# Microsoft XML Parser (MSXML) 3.0 Service Pack 4 (SP4): Aug 26



## eddie5659 (Mar 19, 2001)

Hiya

The Microsoft® XML Parser (MSXML) 3.0 SP4 release offers a number of bug fixes and security fixes over the previous MSXML 3.0 SP releases. All MSXML 3.0 releases provide:

Server-safe HTTP access 
Complete implementation of XSL Transformations (XSLT) and XML Path Language (XPath) 
Changes to the Simple API for XML (SAX2) implementation, including new SAX2 helper classes with even higher conformance with World Wide Web Consortium (W3C) standards and the OASIS Test Suite.

Release Notes

MSXML3 SP4 Release Notes 

System Requirements
Supported Operating Systems: Windows 2000, Windows 98, Windows ME, Windows NT, Windows Server 2003, Windows XP

To install the MSXML SDK, you must have the Microsoft Windows® Installer 2.0 (MSI 2.0) on your computer.
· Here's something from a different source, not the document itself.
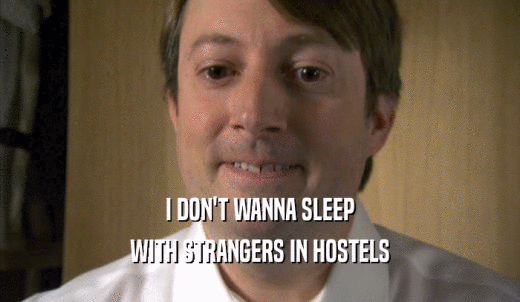I DON'T WANNA SLEEP WITH STRANGERS IN HOSTELS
If you are running Windows NT® 4.0, Windows 98, Windows ME or Windows 2000 (RTM, SP1 or SP2) you need to upgrade to MSI 2.0. If you are running Windows 2000 SP3 or higher, Windows XP or Windows Server 2003, you already have MSI 2.0. 
Download Windows Installer 2.0 Redistributable for Windows NT 4.0 and 2000 or Windows Installer 2.0 Redistributable for Windows 98, and windows Millennium Edition.

Note:

Windows Server 2003 already has MSXML 3.0 SP4. If you have Windows Server 2003, you do not need to install this release. 
All applications using MSXML3 should be closed before you install this SP.

http://www.microsoft.com/downloads/...22-2d4c-4162-8fb8-66bfc12f32b0&DisplayLang=en

Regards

eddie


----------